══ RECORDS PROVIDED
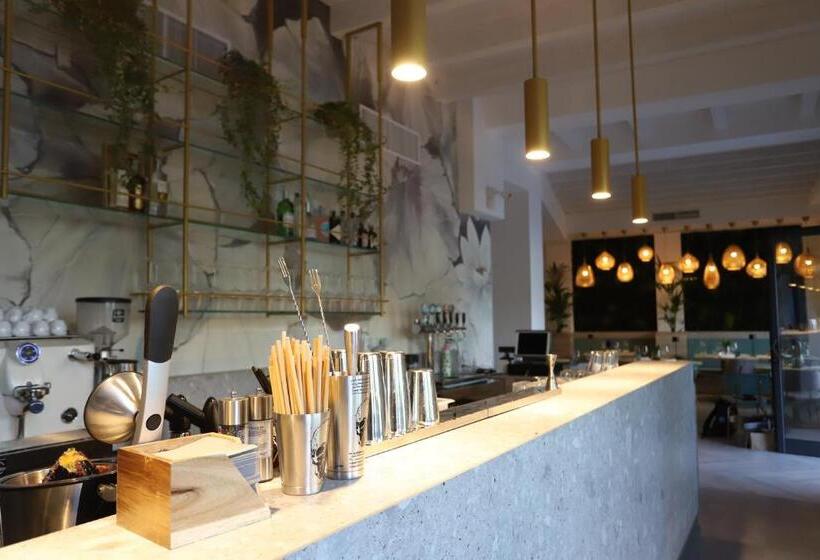 Отель Luxury Suites Rocopom Lake Front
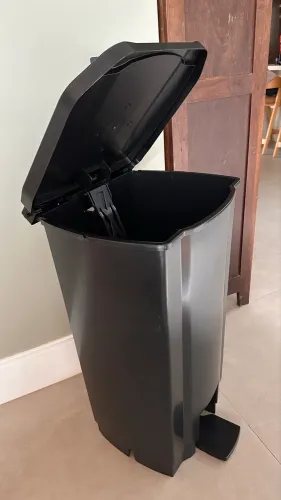 Lixeira preta em polipropileno 100L com pedal - NOVO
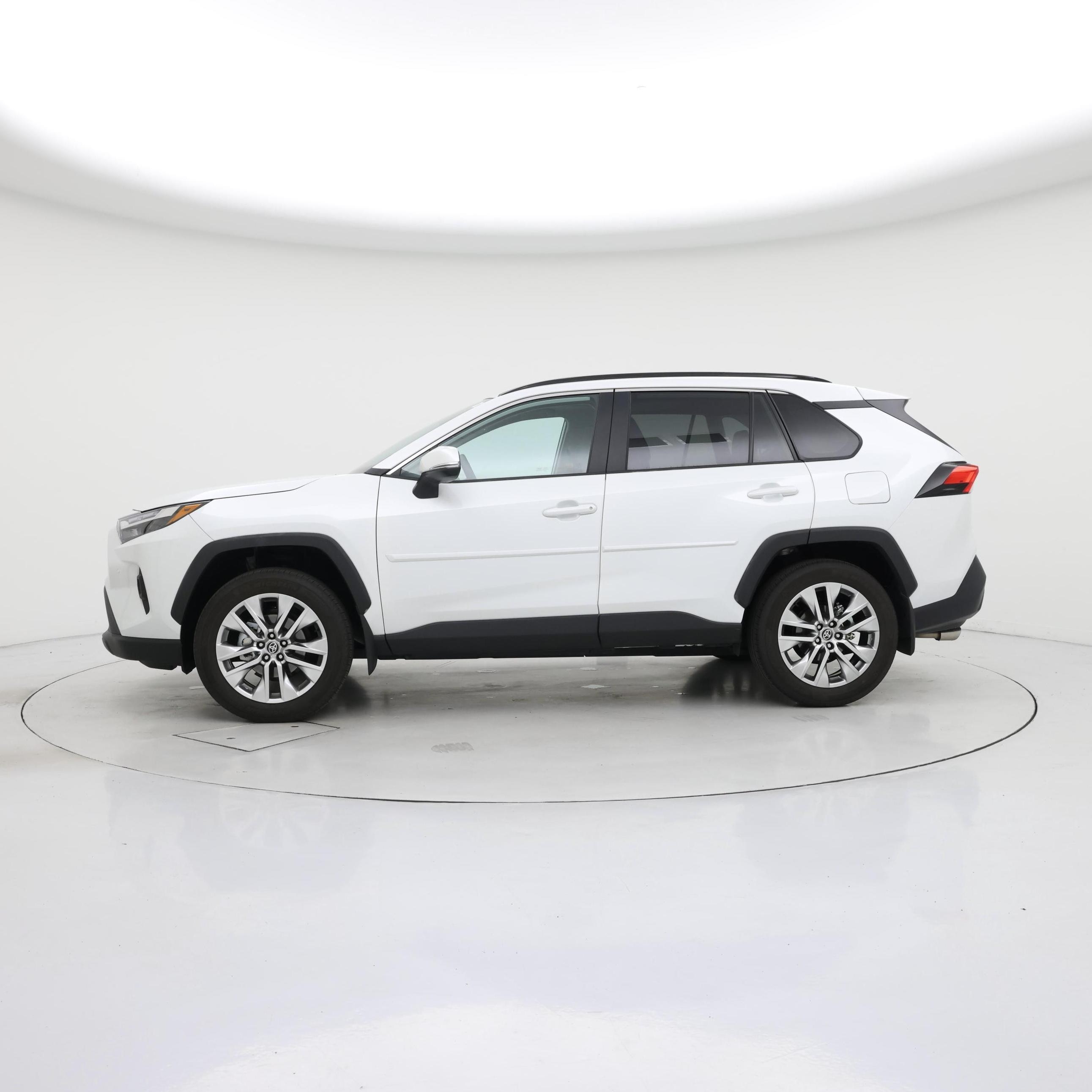 Thumbnail: 2025 Toyota RAV4 - 3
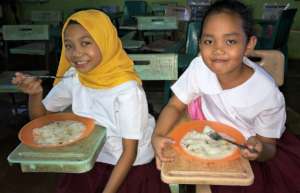 Muslim and Christian children receive school lunch
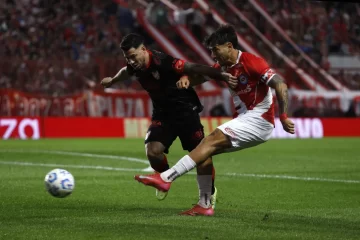 Argentinos y Huracán clasificaron a cuartos de final del Torneo Apertura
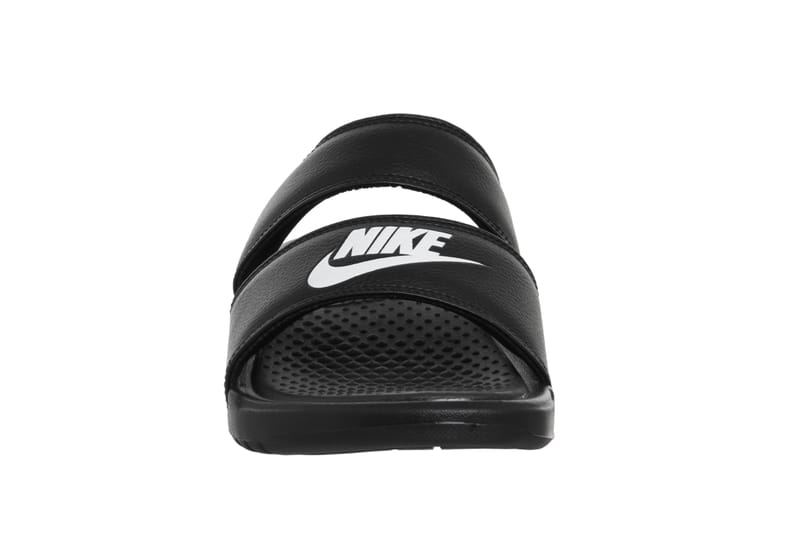 Nike benassi best sale slides double strap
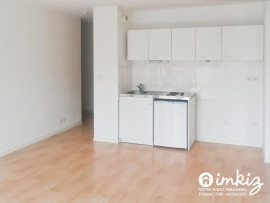 
                                                                                        Vente
                                                                                         T2 lumineux avec balcon, parking et ascenseur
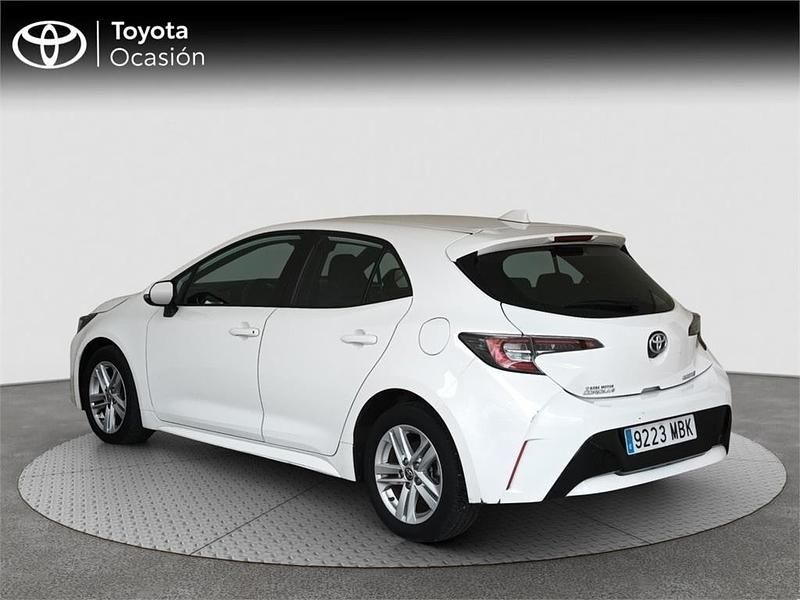 Usado Toyota Corolla Active 122 CV (89 kW) 2022 Blanco Monovolumen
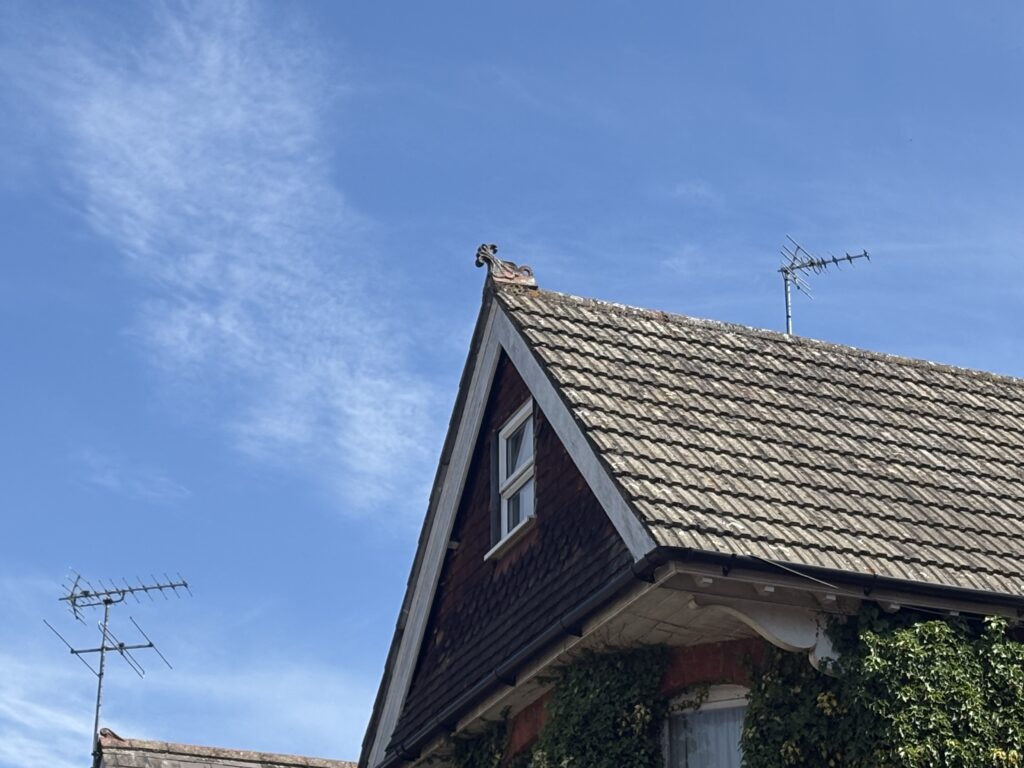 Finial in Beaconsfield Road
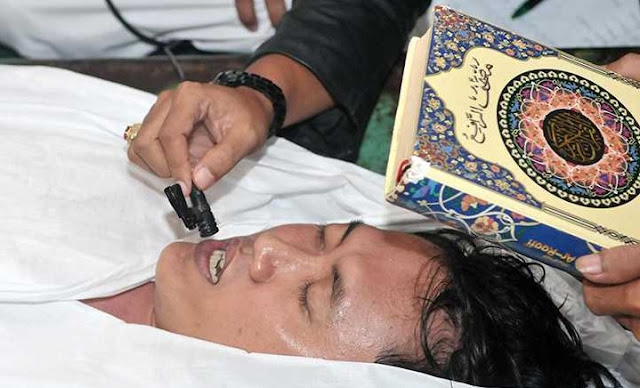 Lakukan Jalan Terakhir Masalah Lewat Sumpah Pocong, Bolehkah? Lakukan Jalan Terakhir Masalah Lewat Sumpah Pocong, Bolehkah?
════
#### TASK TO COMPLETE:
Write out again exactly the lines from the start of the data above through the line containing "Nike benassi best sale slides double strap", inclusive, excluding any pictures.

#### WRITTEN ANSWER:
 Отель Luxury Suites Rocopom Lake Front
 Lixeira preta em polipropileno 100L com pedal - NOVO
 Thumbnail: 2025 Toyota RAV4 - 3
 Muslim and Christian children receive school lunch
 Argentinos y Huracán clasificaron a cuartos de final del Torneo Apertura
 Nike benassi best sale slides double strap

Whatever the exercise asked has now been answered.